Task requirements
Copy all of the records exactly.

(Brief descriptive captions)
Content starts

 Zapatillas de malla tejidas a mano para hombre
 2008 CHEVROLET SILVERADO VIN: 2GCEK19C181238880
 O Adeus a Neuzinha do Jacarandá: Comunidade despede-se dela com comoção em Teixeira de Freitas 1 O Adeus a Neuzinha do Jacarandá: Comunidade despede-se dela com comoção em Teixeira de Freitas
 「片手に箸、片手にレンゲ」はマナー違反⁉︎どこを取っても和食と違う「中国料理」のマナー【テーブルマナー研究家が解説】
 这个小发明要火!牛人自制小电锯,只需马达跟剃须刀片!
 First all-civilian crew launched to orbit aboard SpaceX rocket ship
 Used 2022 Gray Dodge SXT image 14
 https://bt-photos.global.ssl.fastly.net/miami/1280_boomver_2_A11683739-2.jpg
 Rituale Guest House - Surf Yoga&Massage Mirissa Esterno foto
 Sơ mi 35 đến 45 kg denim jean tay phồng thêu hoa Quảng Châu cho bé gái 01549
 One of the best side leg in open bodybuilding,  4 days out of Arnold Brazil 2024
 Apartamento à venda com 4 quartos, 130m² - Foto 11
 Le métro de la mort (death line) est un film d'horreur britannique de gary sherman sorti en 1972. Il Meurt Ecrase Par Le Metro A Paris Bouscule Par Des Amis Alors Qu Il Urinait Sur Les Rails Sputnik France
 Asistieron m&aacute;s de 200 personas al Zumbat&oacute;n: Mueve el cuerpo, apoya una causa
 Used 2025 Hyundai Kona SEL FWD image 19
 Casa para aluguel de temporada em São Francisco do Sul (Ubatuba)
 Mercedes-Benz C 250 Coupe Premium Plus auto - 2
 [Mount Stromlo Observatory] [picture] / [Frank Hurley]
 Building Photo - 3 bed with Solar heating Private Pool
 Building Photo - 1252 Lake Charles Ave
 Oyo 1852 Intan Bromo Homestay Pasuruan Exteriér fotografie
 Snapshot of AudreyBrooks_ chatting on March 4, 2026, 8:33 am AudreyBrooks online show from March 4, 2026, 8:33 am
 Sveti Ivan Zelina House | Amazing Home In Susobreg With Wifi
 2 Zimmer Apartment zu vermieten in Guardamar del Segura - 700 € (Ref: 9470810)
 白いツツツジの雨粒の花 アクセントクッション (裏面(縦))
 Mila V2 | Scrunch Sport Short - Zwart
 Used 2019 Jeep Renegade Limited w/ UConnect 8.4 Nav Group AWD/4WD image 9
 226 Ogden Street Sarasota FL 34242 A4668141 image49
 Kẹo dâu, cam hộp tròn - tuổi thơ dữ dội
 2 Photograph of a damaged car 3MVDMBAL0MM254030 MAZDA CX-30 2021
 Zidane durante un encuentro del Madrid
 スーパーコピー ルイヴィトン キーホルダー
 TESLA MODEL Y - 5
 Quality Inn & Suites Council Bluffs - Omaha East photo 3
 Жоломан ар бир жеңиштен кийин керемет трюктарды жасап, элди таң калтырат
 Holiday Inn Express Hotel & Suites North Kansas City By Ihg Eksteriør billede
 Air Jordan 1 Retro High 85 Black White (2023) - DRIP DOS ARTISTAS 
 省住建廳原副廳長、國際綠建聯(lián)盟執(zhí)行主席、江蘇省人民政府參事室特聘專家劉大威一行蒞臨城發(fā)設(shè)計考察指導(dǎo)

Content ends

Written response
 Zapatillas de malla tejidas a mano para hombre
 2008 CHEVROLET SILVERADO VIN: 2GCEK19C181238880
 O Adeus a Neuzinha do Jacarandá: Comunidade despede-se dela com comoção em Teixeira de Freitas 1 O Adeus a Neuzinha do Jacarandá: Comunidade despede-se dela com comoção em Teixeira de Freitas
 「片手に箸、片手にレンゲ」はマナー違反⁉︎どこを取っても和食と違う「中国料理」のマナー【テーブルマナー研究家が解説】
 这个小发明要火!牛人自制小电锯,只需马达跟剃须刀片!
 First all-civilian crew launched to orbit aboard SpaceX rocket ship
 Used 2022 Gray Dodge SXT image 14
 https://bt-photos.global.ssl.fastly.net/miami/1280_boomver_2_A11683739-2.jpg
 Rituale Guest House - Surf Yoga&Massage Mirissa Esterno foto
 Sơ mi 35 đến 45 kg denim jean tay phồng thêu hoa Quảng Châu cho bé gái 01549
 One of the best side leg in open bodybuilding,  4 days out of Arnold Brazil 2024
 Apartamento à venda com 4 quartos, 130m² - Foto 11
 Le métro de la mort (death line) est un film d'horreur britannique de gary sherman sorti en 1972. Il Meurt Ecrase Par Le Metro A Paris Bouscule Par Des Amis Alors Qu Il Urinait Sur Les Rails Sputnik France
 Asistieron m&aacute;s de 200 personas al Zumbat&oacute;n: Mueve el cuerpo, apoya una causa
 Used 2025 Hyundai Kona SEL FWD image 19
 Casa para aluguel de temporada em São Francisco do Sul (Ubatuba)
 Mercedes-Benz C 250 Coupe Premium Plus auto - 2
 [Mount Stromlo Observatory] [picture] / [Frank Hurley]
 Building Photo - 3 bed with Solar heating Private Pool
 Building Photo - 1252 Lake Charles Ave
 Oyo 1852 Intan Bromo Homestay Pasuruan Exteriér fotografie
 Snapshot of AudreyBrooks_ chatting on March 4, 2026, 8:33 am AudreyBrooks online show from March 4, 2026, 8:33 am
 Sveti Ivan Zelina House | Amazing Home In Susobreg With Wifi
 2 Zimmer Apartment zu vermieten in Guardamar del Segura - 700 € (Ref: 9470810)
 白いツツツジの雨粒の花 アクセントクッション (裏面(縦))
 Mila V2 | Scrunch Sport Short - Zwart
 Used 2019 Jeep Renegade Limited w/ UConnect 8.4 Nav Group AWD/4WD image 9
 226 Ogden Street Sarasota FL 34242 A4668141 image49
 Kẹo dâu, cam hộp tròn - tuổi thơ dữ dội
 2 Photograph of a damaged car 3MVDMBAL0MM254030 MAZDA CX-30 2021
 Zidane durante un encuentro del Madrid
 スーパーコピー ルイヴィトン キーホルダー
 TESLA MODEL Y - 5
 Quality Inn & Suites Council Bluffs - Omaha East photo 3
 Жоломан ар бир жеңиштен кийин керемет трюктарды жасап, элди таң калтырат
 Holiday Inn Express Hotel & Suites North Kansas City By Ihg Eksteriør billede
 Air Jordan 1 Retro High 85 Black White (2023) - DRIP DOS ARTISTAS 
 省住建廳原副廳長、國際綠建聯(lián)盟執(zhí)行主席、江蘇省人民政府參事室特聘專家劉大威一行蒞臨城發(fā)設(shè)計考察指導(dǎo)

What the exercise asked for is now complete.